Chronic heart failure (CHF) is a critical public health issue with increasing effect on the healthcare budgets of developed countries. Various decisionanalytic modelling approaches exist to estimate the cost effectiveness of health technologies for CHF. We sought to systematically identify these models and describe their structures.

We performed a systematic literature review in MEDLINE/PreMEDLINE, EMBASE, EconLit and the Cost-Effectiveness Analysis Registry using a combination of search terms for CHF and decision-analytic models. The inclusion criterion required ‘use of a mathematical model evaluating both costs and health consequences for CHF management strategies’. Studies that were only economic evaluations alongside a clinical trial or that were purely descriptive studies were excluded.

We identified 34 modelling studies investigating different interventions including screening (n = 1), diagnostics (n = 1), pharmaceuticals (n = 15), devices (n = 13), disease management programmes (n = 3) and cardiac transplantation (n = 1) in CHF. The identified models primarily focused on middle-aged to elderly patients with stable but progressed heart failure with systolic left ventricular dysfunction. Modelling approaches varied substantially and included 27 Markov models, three discrete-event simulation models and four mathematical equation sets models; 19 studies reported QALYs. Three models were externally validated. In addition to a detailed description of study characteristics, the model structure and output, the manuscript also contains a synthesis and critical appraisal for each of the modelling approaches.

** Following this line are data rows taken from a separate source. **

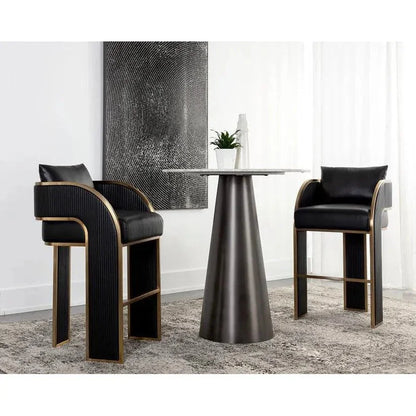 SUNPAN Baz Napa Black Leather Barstool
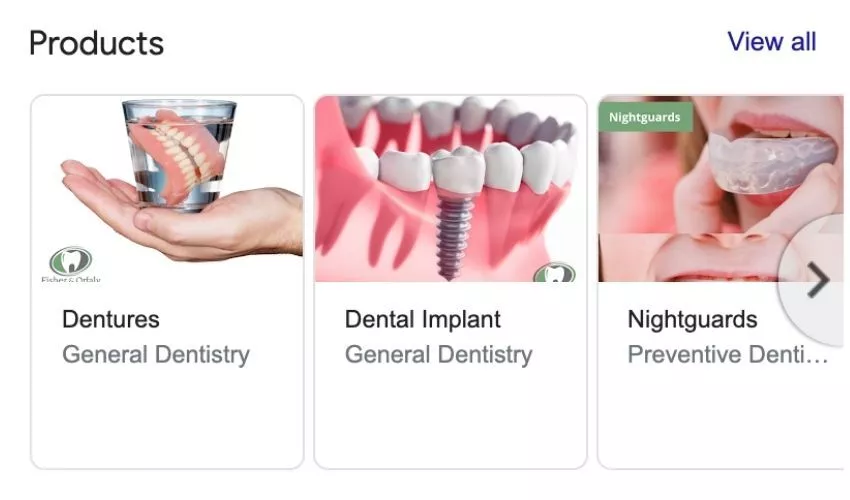 Example of products showcased on a dentist’s GMB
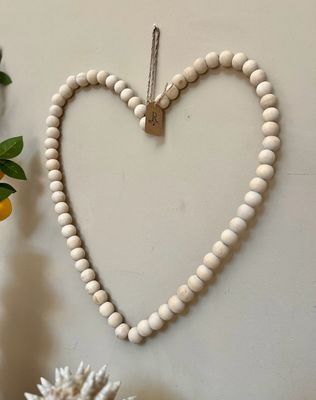 Houten kralen hart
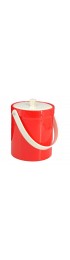 Home Tableware & Barware | 1960s Shiny Red Vinyl Mid Century Modern Ice Bucket With White Lid and Handle - RJ77173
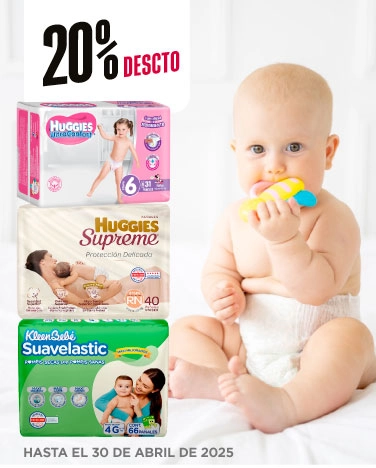 20% de descuento en todos los pañales para bebé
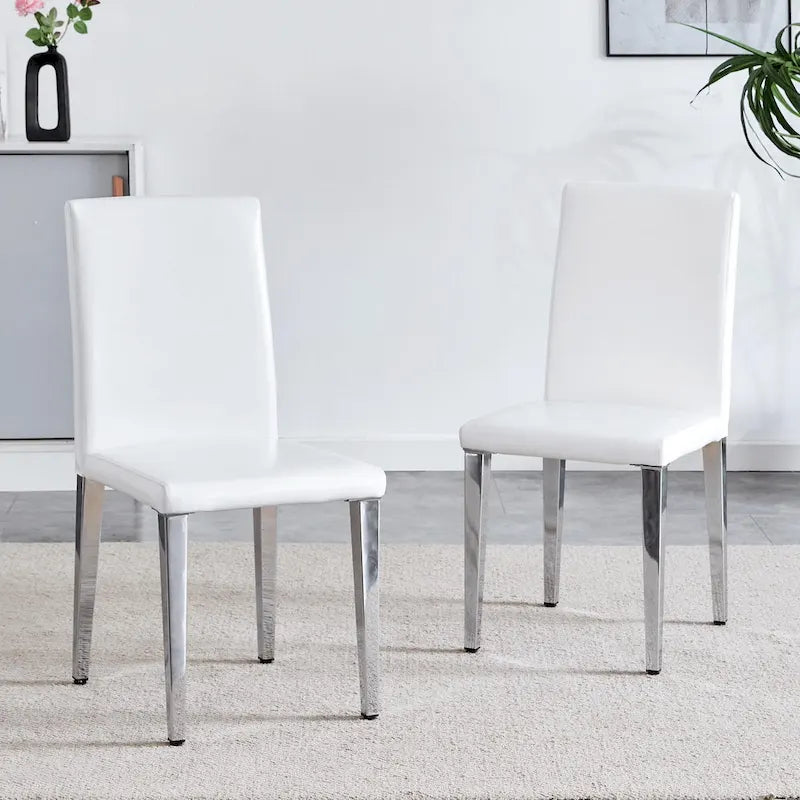 Silla de comedor de polipiel blanca y negra con patas de metal, juego de 4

Well designed decision models are available for the evaluation of different CHF health technologies. Most models depend on New York Heart Association (NYHA) classes or number of hospitalizations as proxy for disease severity and progression. As the diagnostics and biomarkers evolve, there is the hope for better intermediate endpoints for modelling disease progression as those that are currently in use all have limitations.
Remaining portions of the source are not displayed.